For example when f(x) = m*x + b its first derivative is a constant and when you increase x by 1, f(x) increases by a constant (m).
An equation in the form f(x) = a*x^2 + b*x + c its second derivative (or the derivative of its derivative) is a constant.
So, if you have an equation where its third derivative is a constant or as x increases by 1 f(x) increases by a square then f(x) should be in the form a*x^3 + b*x^2 + c*x + d
• , Shouldn't it be the first n+1 squares since we're starting at 0 or do most people start at 1 so it's the first n squares? If the latter, why is Sal starting at 0?
• I think he started at 0 to eliminate the D term (in the previous video). Our Sigma in this starts at 0, also, so he had to start at 0 to evaluate the formula.
• Why can we assume that the formula is a cubic? Shouldn't it be verified by induction?
• A constant set of differences on the third degree is characteristic of a cubic polynomial. Sal showed that taking the differences between terms through three levels ultimately led to constant differences, proving that the general formula is a polynomial of third degree.
• this maybe a silly question but why sum goes from 0 to n, and not from 1 to n?
• That's not a silly question at all. It turns out that that the sum can be from 0 to n or from 1 to n, it really depends on the question or your preference. Sometimes it's just easier to start from 0, because that would usually be the first term in a series, with no exponents. I hope that clarified a little bit.
• Hey, when solving this system of equations, is it ok to use a matrix of 3 by 3 with all the coefficients of each equation and solving it in RREF form/ identity matrix of 3 by 3?

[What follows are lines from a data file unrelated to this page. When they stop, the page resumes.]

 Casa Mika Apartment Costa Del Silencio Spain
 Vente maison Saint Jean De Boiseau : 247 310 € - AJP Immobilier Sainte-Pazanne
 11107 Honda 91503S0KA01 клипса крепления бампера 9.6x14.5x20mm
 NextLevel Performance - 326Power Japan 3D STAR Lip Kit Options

If so, which method would be an advantage of the other?
• I think you mean what I'd call an augmented matrix:
1 1 1 1
8 4 2 5
27 9 3 14
Yes?
(sorry they aren't aligned nice and neat, haven't researched how to make it do ht in the comments)
You can do it that way. Sal appears to be covering it in a way for people who don't know/remember much Linear Algebra.

At two colleges I've attended sequences and series don't get covered until second semester of Calc. Linear Algebra required Calc I, but Calc II did not require Linear Algebra. It is possible they wouldn't recall from the dark days of High School algebra how to use a matrix to solve.

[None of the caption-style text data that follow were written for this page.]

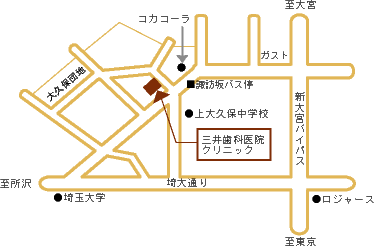 �O�䎕�ȃN���j�b�N�@���Ӓn�}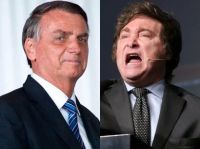 Endurecen restricciones: Jair Bolsonaro no podrá recibir la visita de Milei ni de otros dirigentes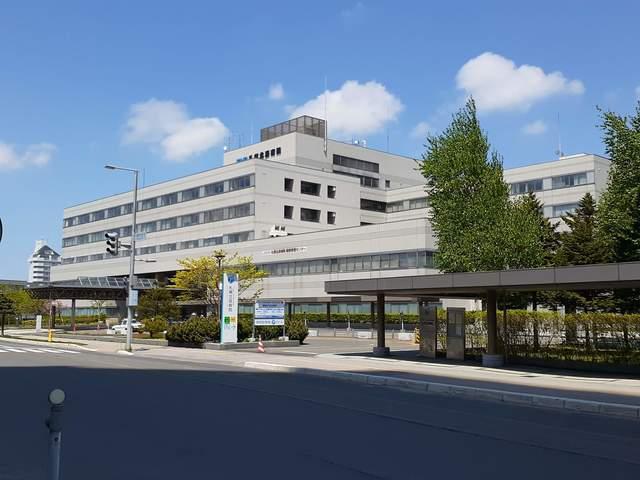 札幌北辰病院：600m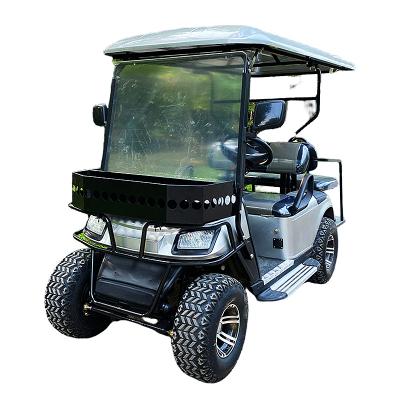 China Factory hot sale golf carts electric upgrade offroad models with best quality and low price 10 inch for sale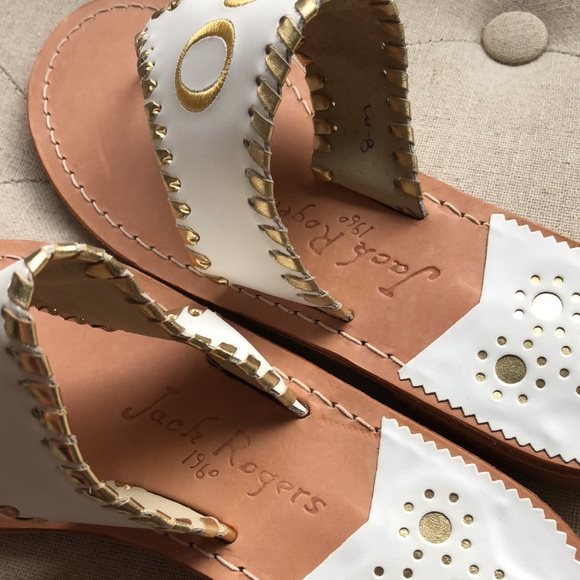 Jack Rogers “I Do” sandals - Picture 7 of 12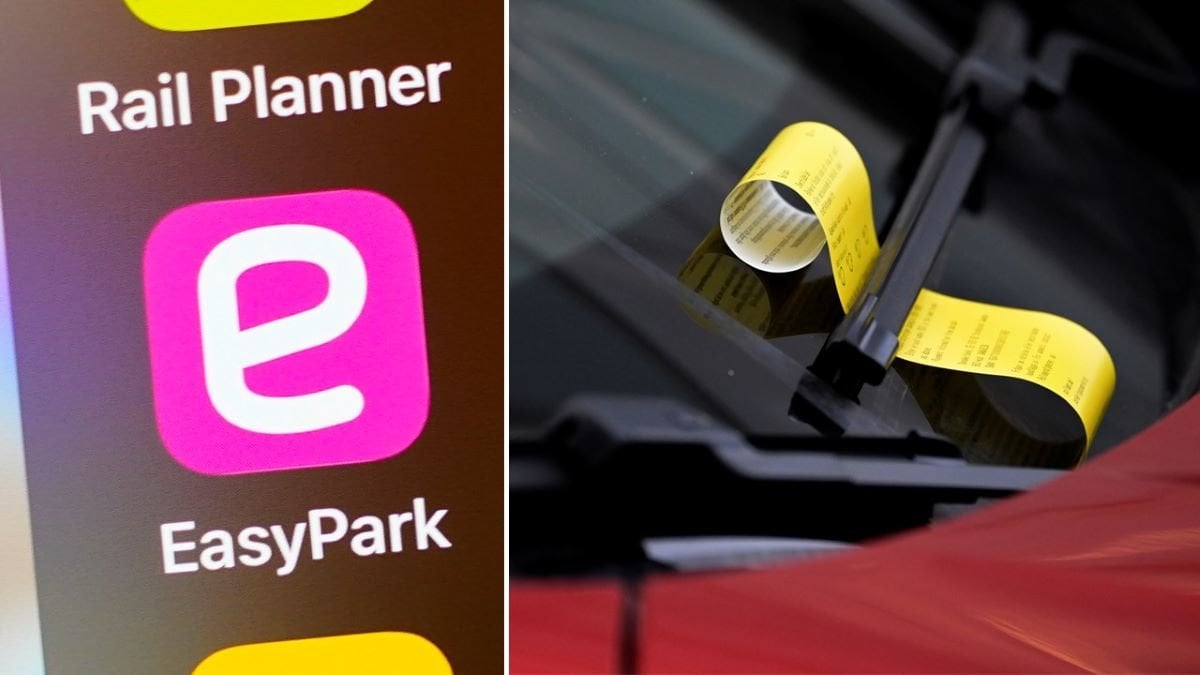 Easypark Aimo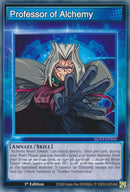 Professor of Alchemy (SGX3-ENS06) [SGX3]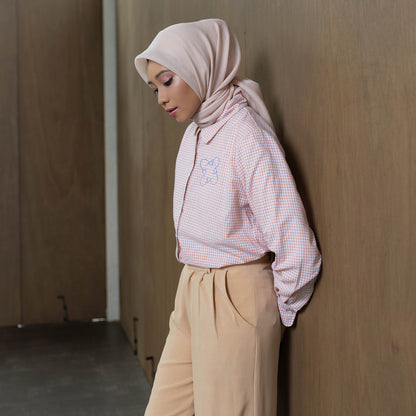 Finqya Top Blush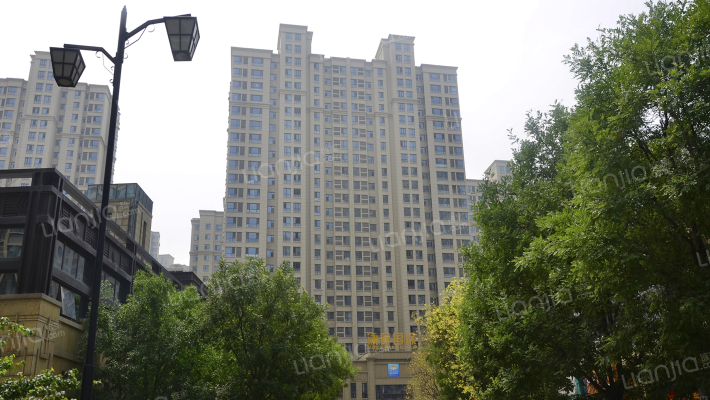 绿地世纪城五期外景图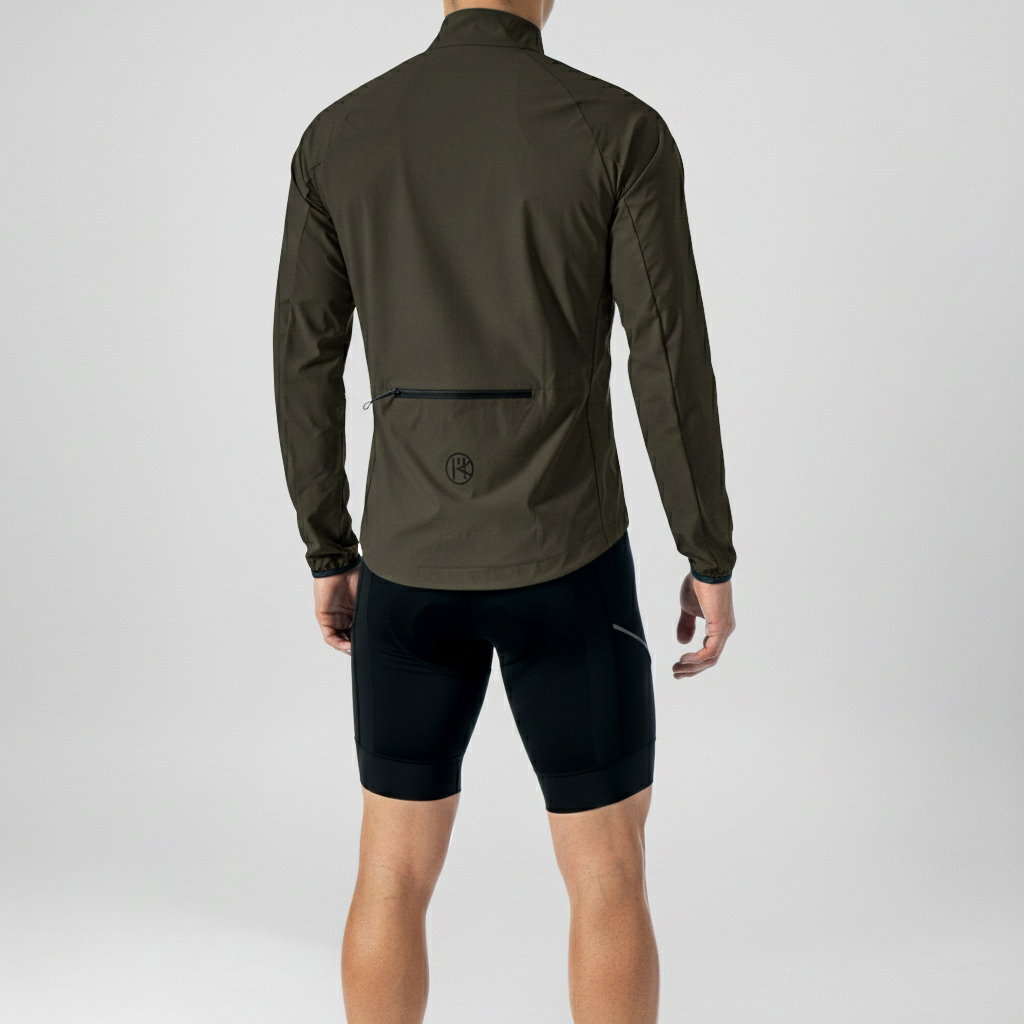 MY KILOMETRE Printemps hommes  - Cycling Commute Jacket avis et prix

Personally I find the augmented matrix better since it solves for all three values at the same time. Both work, so which is better is somewhat subjective.
• Trying to come up with an equations where all possible permutations/combinations of numbers 1 through 10 that add up to 10 without repeating the combination? Have not been able to solve this.
(1 vote)
• I am assuming you mean integers, because if you include decimals there are infinitely many ways to do this. I am also assuming you mean to use each number only once. If you are allowed to use a digit more than once, then there will be far more possibilities than mentioned here.

Rather than trying to do this in one single step, with one formula, it is better to break it into more manageable pieces.
Do it in sets of how many numbers you are adding. The most you'll have is 4 because the only way to sum to 10 with those integers is 1+2+3+4.
So, with 1 addend, there is only one way: 10 = 10
With 2 addends, you have 1+9, 2+8. etc.
With 3 addends, you have a bit more difficulty, start with 1 and then find sets of two numbers that add to 9. Then use 2 and find two digits that add to 8, then 3 plus two digits that add to 7, and finally 4 plus two numbers that sum to 6. You won't need to do 5 through 10 because either you will have already used that set of numbers (in the cases of 5 through 7) or there won't be any (in the cases of 8 through 10).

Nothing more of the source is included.